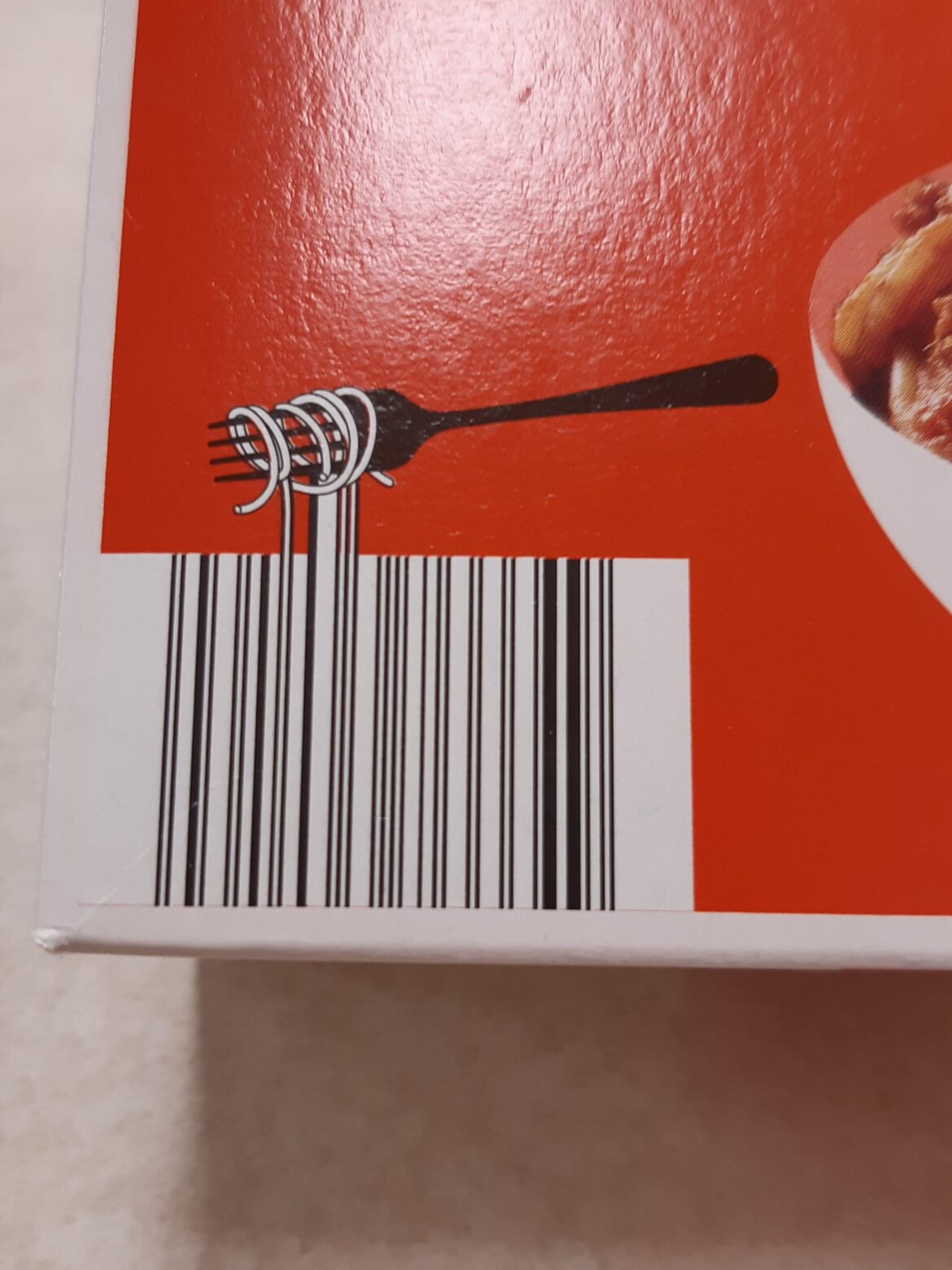 Barcode on the box of frozen Spaghetti Bolognese from Aldi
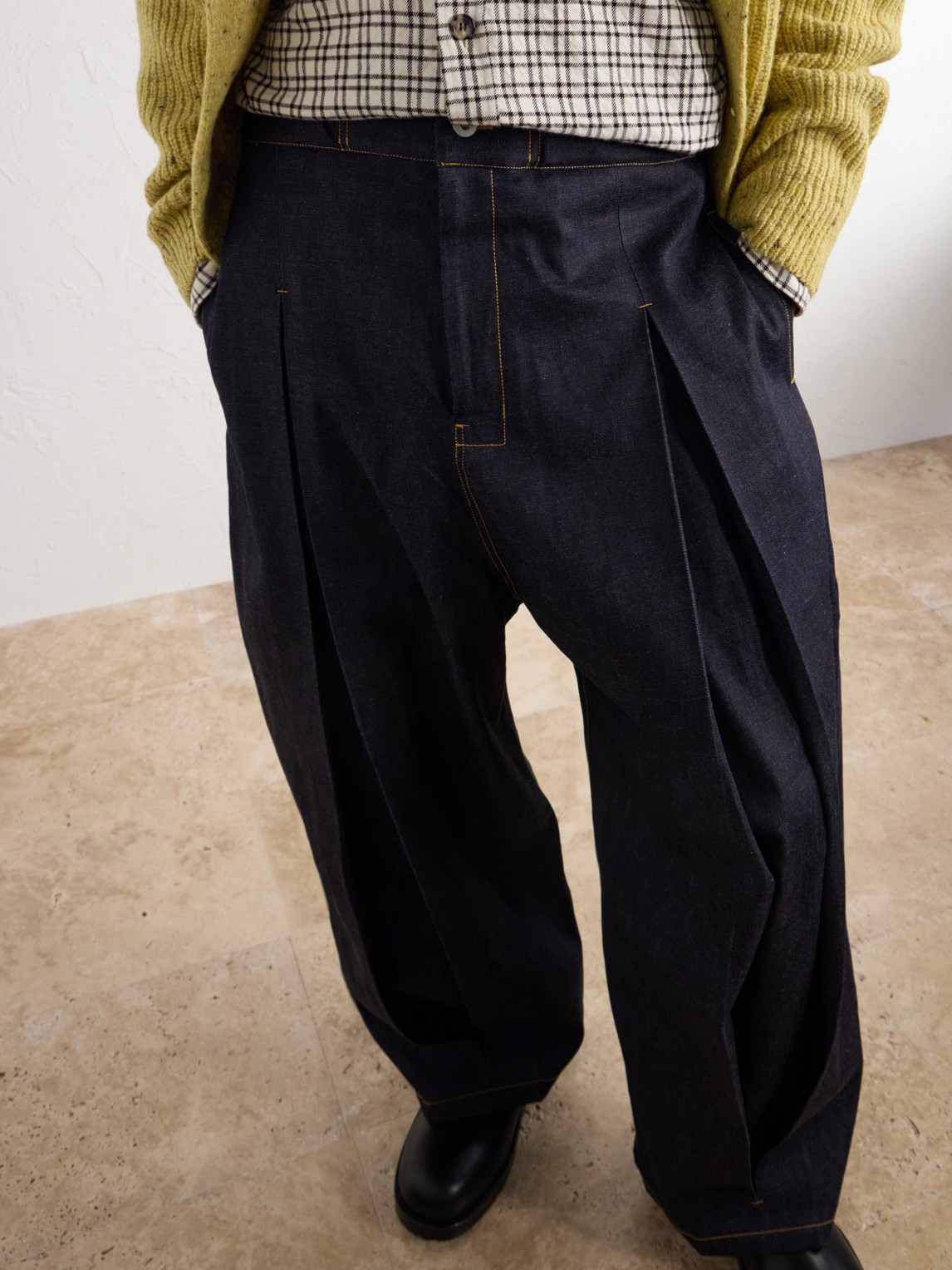 Barrel-Leg Pleated Jeans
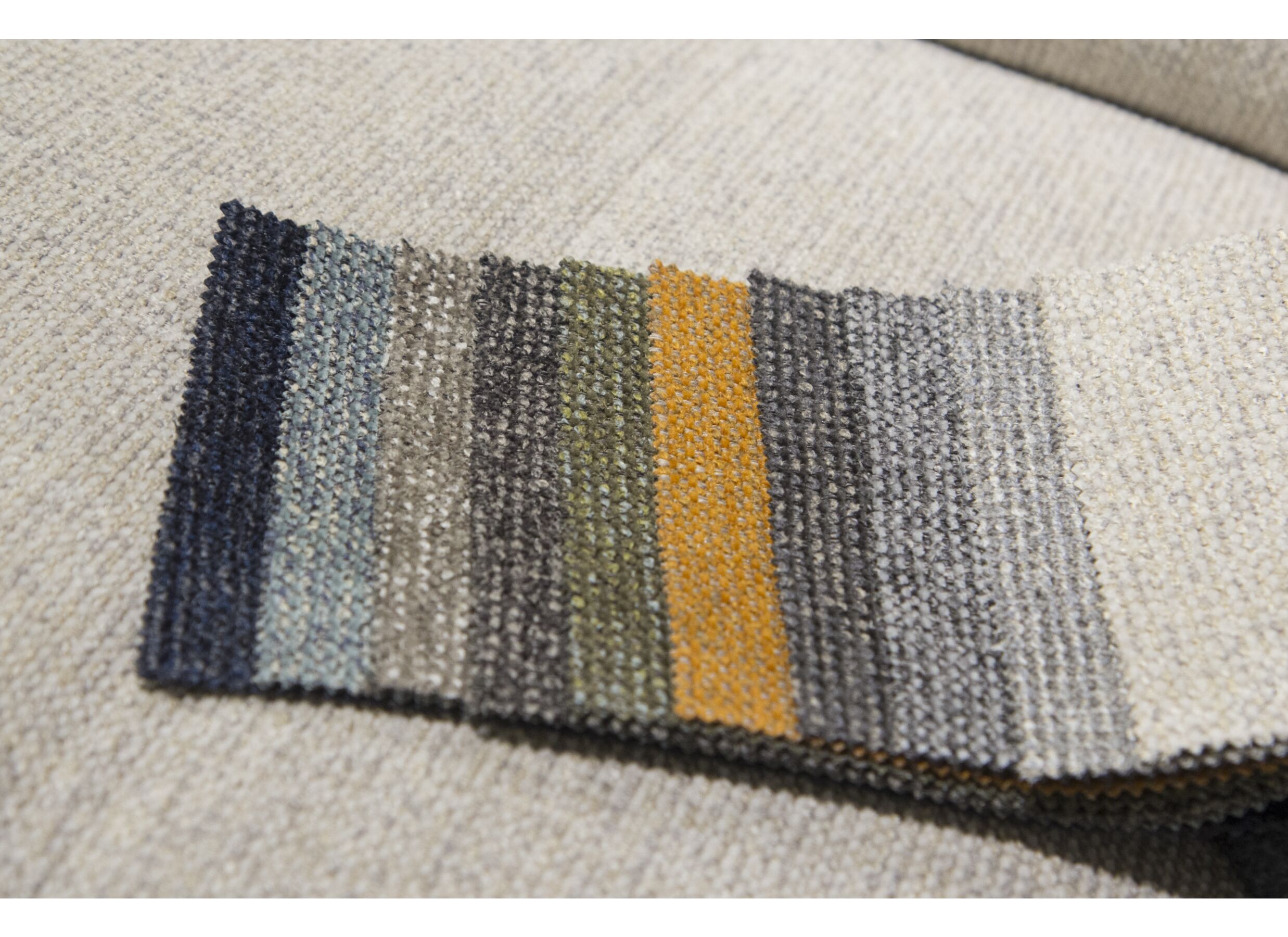Canapé d'angle Rezzo tissu beige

What you are asked to do - An exact copy is needed of the lines running from the one containing "Barrel-Leg Pleated Jeans" through the last line of the material, and of no others; pictures stay out.

Expected answer -
 Barrel-Leg Pleated Jeans
Canapé d'angle Rezzo tissu beige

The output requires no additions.